The biggest mechanical change, meanwhile, is to the automatic transmission; it now has eight speeds instead of six, which helps improve fuel economy by 10% and cuts CO2 emissions from 385g/km to 347g/km.
There’s no change in the car’ performance, so the Series II can accelerate from 0-62mph in 5.9 seconds. That’s seriously brisk for such a big, heavy car, and keen drivers can now order a Dynamic Pack that brings stiffened suspension and a recalibrated gearbox.
For the interior, the main change is a much-needed update of the BMW iDrive-derived infotainment system. The bigger screen now provides 3D maps, guided tours and improved route planning, as well as front-, rear- and top-view cameras.
The Phantom cannot yet park itself, though, nor does it provide blind-spot detection, lane-keeping or radar-controlled braking. This is disappointing when such electronic aids are found on cars that cost hundreds of thousands less.
A new eight-speed gearbox helps improve fuel economy by 10% and cuts CO2 from 385g/km to 347g/km
What’s the 2012 Rolls-Royce Phantom like to drive?
As relaxing as ever and just as eager because the V12 engine pulls with a vigour.
The Phantom also impresses for being more agile than you might expect such a gargantuan saloon to be, although you must drive it with a little care to avoid excessive roll and understeer. This, and the occasional shudders through the slender steering wheel-rim, are among the few flaws that betray its age.
The dynamic package improves the Phantom’s wieldiness without damaging its ride much, but it’s no sports saloon. It is, however, a wonderfully luxuriant way to travel, and imperious, too, because you sit high and mighty. That helps you place the car easily, as does accurate steering.
Despite its size, the gargantuan saloon is more agile than you'd expect
What's the 2012 Rolls-Royce Phantom like inside?
As exquisitely sumptuous as you’d expect; the dashboard is beautifully crafted from wood that provides a fine contrast to the rich leather.
You can move the front seats every which-way, but the rear seat is fixed, although it’s extremely comfortable nevertheless.
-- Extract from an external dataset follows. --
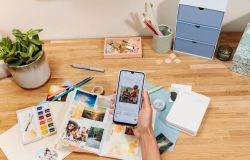 ����������� Canon SELPHY Square QX20 (White) 6753C002 - �������� 9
Space is generous apart from rear legroom, which, given the Phantom’s bulk, ought to be greater.
The Phantom’s cabin is exceptionally quiet, although the air-conditioning can sometimes intrude, and there’s a little wind noise at speed.
The cabin is as luxurious as you'd expect, but rear legroom is surprisingly short
Should I buy one?
People in the market for a Phantom might also be considering the Bentley Mulsanne and Maybach 57. However, the subtle luxury of the Phantom remains unsurpassed and its deep and sometimes unexpected abilities only add to its allure, despite the appearance of a few wrinkles.